Objective: To determine the uptake and predictors of isoniazid preventive therapy among child contacts of adults with bacteriologically confirmed tuberculosis in Moroto district.
Method: The study was a cross sectional study with a mixed methods of data collection. A total of 214 child contacts of adults with bacteriologically confirmed TB were consecutively sampled and engaged in structured interviews. Key informant interviews were conducted with healthcare service providers. Quantitative data was analyzed using SPSS 25 and qualitative data analyzed by thematic theme analysis. Association between variables was determined using prevalence ratios and a p value < 0.05 was considered significant.

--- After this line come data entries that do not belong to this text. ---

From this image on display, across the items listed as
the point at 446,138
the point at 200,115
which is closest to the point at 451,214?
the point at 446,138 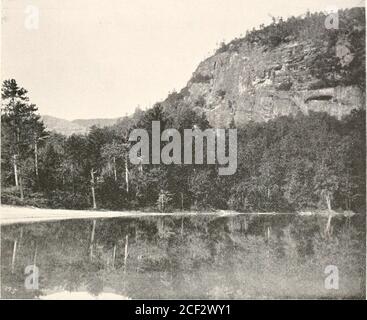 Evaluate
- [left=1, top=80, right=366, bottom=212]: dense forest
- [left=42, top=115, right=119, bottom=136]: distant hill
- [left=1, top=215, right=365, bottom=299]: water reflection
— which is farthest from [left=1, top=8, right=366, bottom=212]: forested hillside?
[left=1, top=215, right=365, bottom=299]: water reflection

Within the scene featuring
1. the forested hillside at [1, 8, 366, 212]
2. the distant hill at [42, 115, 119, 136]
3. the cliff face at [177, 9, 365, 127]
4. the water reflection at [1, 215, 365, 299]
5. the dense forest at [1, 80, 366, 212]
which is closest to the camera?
the water reflection at [1, 215, 365, 299]

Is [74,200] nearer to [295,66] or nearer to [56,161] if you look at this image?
[56,161]

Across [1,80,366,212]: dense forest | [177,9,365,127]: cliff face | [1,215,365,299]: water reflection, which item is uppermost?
[177,9,365,127]: cliff face

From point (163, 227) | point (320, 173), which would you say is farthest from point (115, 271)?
point (320, 173)

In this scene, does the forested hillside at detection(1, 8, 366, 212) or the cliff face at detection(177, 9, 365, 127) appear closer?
the forested hillside at detection(1, 8, 366, 212)

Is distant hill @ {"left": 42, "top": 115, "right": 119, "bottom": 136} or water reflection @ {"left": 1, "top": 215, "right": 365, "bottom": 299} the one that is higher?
distant hill @ {"left": 42, "top": 115, "right": 119, "bottom": 136}

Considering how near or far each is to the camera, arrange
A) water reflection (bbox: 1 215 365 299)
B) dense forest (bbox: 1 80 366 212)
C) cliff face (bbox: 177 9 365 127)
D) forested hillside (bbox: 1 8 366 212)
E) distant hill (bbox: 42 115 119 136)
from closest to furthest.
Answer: water reflection (bbox: 1 215 365 299) < forested hillside (bbox: 1 8 366 212) < cliff face (bbox: 177 9 365 127) < dense forest (bbox: 1 80 366 212) < distant hill (bbox: 42 115 119 136)

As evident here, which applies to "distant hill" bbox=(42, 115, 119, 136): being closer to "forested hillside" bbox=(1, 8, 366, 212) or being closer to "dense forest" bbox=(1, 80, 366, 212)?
"forested hillside" bbox=(1, 8, 366, 212) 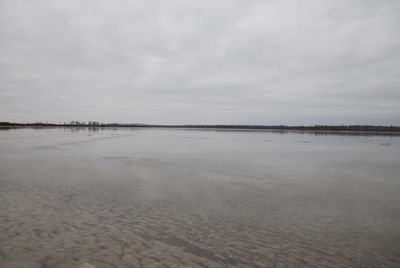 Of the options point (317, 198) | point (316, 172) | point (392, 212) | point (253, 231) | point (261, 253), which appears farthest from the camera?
point (316, 172)

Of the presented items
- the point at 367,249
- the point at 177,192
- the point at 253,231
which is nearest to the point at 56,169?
the point at 177,192

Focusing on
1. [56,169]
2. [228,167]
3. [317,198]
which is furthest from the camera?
[228,167]

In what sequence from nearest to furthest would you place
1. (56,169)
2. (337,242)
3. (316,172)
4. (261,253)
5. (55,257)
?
(55,257) → (261,253) → (337,242) → (56,169) → (316,172)

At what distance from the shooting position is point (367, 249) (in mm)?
4324

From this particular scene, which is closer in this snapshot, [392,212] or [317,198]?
[392,212]

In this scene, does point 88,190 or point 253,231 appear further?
point 88,190

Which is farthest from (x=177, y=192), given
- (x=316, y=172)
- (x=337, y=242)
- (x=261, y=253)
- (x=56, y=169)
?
(x=316, y=172)

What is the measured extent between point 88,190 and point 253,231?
538 centimetres

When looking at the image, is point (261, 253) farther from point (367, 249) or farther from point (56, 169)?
point (56, 169)

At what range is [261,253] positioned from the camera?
410 cm

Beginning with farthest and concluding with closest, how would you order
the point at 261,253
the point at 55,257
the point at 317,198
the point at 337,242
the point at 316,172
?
the point at 316,172
the point at 317,198
the point at 337,242
the point at 261,253
the point at 55,257

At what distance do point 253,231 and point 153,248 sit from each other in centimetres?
205

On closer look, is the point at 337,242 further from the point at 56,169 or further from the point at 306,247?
the point at 56,169

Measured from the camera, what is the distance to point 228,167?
12.8 m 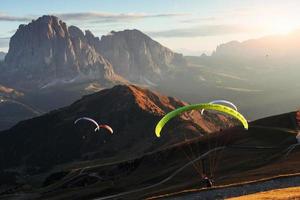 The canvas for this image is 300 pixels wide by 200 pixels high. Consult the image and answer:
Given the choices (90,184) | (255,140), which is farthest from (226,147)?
(90,184)

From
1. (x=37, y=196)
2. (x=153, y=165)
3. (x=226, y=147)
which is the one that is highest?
(x=226, y=147)

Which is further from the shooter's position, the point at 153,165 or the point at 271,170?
the point at 153,165

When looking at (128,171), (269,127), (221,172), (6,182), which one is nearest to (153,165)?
(128,171)

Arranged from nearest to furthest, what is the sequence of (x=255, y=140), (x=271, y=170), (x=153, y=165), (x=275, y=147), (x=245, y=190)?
(x=245, y=190), (x=271, y=170), (x=275, y=147), (x=255, y=140), (x=153, y=165)

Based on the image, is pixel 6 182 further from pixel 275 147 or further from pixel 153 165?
pixel 275 147

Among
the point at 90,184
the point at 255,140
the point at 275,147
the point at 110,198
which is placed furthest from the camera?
the point at 90,184

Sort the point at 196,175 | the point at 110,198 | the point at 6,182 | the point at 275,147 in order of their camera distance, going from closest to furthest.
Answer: the point at 110,198 < the point at 196,175 < the point at 275,147 < the point at 6,182

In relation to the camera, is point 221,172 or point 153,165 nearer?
point 221,172

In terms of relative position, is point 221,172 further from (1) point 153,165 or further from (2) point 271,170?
(1) point 153,165

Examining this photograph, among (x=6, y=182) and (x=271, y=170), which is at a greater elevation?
(x=271, y=170) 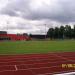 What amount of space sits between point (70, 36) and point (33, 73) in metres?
105

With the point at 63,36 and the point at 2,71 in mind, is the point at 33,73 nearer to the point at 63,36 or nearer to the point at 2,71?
the point at 2,71

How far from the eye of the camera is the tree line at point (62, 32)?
379ft

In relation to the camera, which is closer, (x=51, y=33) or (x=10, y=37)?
(x=10, y=37)

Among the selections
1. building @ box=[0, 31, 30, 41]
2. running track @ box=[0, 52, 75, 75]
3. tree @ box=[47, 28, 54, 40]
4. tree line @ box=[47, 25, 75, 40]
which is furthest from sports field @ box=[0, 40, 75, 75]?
tree @ box=[47, 28, 54, 40]

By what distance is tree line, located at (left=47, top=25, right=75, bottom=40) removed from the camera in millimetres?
115562

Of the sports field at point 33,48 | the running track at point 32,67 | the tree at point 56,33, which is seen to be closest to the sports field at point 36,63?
the running track at point 32,67

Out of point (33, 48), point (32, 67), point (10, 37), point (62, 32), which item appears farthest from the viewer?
point (62, 32)

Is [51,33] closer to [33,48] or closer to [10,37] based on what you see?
[10,37]

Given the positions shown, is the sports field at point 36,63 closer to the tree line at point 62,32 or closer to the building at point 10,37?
the building at point 10,37

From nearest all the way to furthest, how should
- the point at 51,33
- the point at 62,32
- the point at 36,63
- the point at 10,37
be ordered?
the point at 36,63 < the point at 10,37 < the point at 62,32 < the point at 51,33

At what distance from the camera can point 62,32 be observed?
119 metres

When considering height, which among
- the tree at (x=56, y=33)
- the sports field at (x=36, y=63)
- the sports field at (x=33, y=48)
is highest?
the tree at (x=56, y=33)

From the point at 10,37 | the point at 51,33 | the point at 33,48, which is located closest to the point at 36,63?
the point at 33,48

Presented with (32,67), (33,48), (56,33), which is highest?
(56,33) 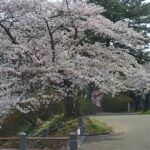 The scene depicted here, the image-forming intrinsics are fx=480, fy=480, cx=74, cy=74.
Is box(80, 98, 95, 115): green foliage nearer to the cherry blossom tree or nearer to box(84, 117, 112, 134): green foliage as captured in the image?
box(84, 117, 112, 134): green foliage

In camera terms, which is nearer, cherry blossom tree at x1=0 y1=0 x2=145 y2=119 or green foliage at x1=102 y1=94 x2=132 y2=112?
cherry blossom tree at x1=0 y1=0 x2=145 y2=119

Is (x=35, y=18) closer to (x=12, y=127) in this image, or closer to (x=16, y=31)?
(x=16, y=31)

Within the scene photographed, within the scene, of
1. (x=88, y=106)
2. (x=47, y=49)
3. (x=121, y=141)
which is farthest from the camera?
(x=88, y=106)

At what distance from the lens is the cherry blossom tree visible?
2053cm

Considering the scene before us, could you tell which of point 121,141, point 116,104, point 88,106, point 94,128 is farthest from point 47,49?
point 116,104

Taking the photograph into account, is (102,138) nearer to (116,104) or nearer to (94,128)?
(94,128)

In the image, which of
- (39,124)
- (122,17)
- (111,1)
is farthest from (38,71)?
(122,17)

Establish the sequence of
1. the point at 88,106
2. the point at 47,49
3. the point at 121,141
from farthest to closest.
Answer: the point at 88,106, the point at 47,49, the point at 121,141

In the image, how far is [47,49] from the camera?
21547 millimetres

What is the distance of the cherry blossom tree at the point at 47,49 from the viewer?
20.5 metres

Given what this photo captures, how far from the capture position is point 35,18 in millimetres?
20219

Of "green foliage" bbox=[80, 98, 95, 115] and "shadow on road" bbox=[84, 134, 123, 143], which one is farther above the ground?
"green foliage" bbox=[80, 98, 95, 115]

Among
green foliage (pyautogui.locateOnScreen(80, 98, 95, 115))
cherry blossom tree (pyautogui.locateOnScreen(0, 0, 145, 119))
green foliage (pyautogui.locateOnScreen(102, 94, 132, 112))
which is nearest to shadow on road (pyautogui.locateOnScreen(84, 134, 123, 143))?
cherry blossom tree (pyautogui.locateOnScreen(0, 0, 145, 119))

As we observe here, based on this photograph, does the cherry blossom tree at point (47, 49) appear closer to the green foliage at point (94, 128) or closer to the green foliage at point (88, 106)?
the green foliage at point (94, 128) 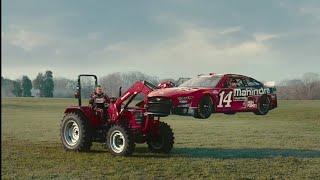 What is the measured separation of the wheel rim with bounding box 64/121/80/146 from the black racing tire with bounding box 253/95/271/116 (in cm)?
659

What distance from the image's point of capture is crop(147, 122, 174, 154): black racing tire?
15297mm

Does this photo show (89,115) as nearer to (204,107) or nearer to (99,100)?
(99,100)

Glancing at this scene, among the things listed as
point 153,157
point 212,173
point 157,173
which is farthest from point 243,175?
point 153,157

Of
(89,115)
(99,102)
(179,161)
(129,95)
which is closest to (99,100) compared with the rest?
(99,102)

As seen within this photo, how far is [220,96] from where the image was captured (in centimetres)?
1015

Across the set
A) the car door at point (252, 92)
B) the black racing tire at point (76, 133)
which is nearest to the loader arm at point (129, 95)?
the black racing tire at point (76, 133)

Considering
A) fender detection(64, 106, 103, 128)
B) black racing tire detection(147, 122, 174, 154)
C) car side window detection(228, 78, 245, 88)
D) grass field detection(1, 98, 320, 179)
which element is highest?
car side window detection(228, 78, 245, 88)

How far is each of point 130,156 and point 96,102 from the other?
1983mm

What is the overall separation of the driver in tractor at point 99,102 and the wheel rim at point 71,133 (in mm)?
845

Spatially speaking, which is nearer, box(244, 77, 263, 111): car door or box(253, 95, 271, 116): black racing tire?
box(244, 77, 263, 111): car door

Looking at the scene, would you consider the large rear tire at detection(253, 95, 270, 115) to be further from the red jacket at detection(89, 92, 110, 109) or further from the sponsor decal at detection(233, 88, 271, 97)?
the red jacket at detection(89, 92, 110, 109)

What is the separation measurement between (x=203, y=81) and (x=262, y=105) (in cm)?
130

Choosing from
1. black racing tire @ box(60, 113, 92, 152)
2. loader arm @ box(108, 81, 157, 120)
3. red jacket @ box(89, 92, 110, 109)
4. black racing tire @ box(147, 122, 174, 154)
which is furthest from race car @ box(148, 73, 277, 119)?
black racing tire @ box(60, 113, 92, 152)

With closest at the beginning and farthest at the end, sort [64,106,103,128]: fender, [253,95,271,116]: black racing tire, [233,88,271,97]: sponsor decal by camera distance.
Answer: [233,88,271,97]: sponsor decal < [253,95,271,116]: black racing tire < [64,106,103,128]: fender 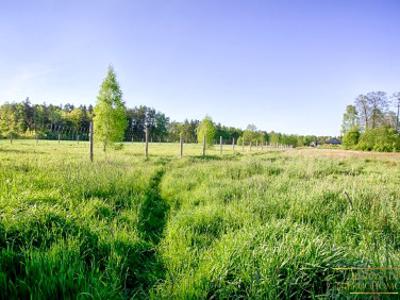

Results: About half 115(53.7%) of the child contacts of adults with bacteriologically confirmed TB had been initiated on isoniazid preventive therapy. Uptake of IPT was more likely among children aged less than 12 months (aPR = 1.986 [95% CI = 1.390 - 2.839]), children who were in contact with adult TB cases for less than a year (aPR = 1.670 [95% CI = 1.121 - 2.488]), and among those who had a tuberculin test (aPR = 2.121 [95% CI= 1.222 - 2.442], p = <0.001). IPT uptake was more likely among children whose parents or caretakers believed that every child who gets into contact with an adult with bacteriologically confirmed TB has to be initiated on IPT and a child infected with TB has a high risk of dying (aPR = 2.870 [95% CI = 1.451 - 5.679]), and (aPR = 3.088 [95% CI = 1.640 - 5.815]) respectively. Similarly, health education of parents or caretakers of children with TB by service providers about the need to have child contacts initiated on IPT (aPR = 2.208 [95% CI = 1.364 -3.576]), and the provision of adult cases with 1 -3-month long duration of TB treatment prescription (cPR = 2.322 [95% CI = 1.454 - 3.709], increased ITP uptake prevalence. IPT uptake was less likely among children who had been in contact with HIV positive adults (aPR = 0.503 [CI = 0.286 - 0.883]), in households where there were one to two children under five years (aPR = 0.102 [95% CI = 0.022 - 0.467]), and those whose adults got care from facilities with TB and HIV service integration (aPR = 0.301 [CI = 0.14 - 0.611], P = 0.046)
Conclusion: For a district with a policy that involves identifying and tracking child contacts of adults with bacteriogically confirmed TB, Moroto has a sub optimal uptake of IPT among such children. Augmentation of IPT uptake will have to largely dwell on health education and behavior change communication interventions.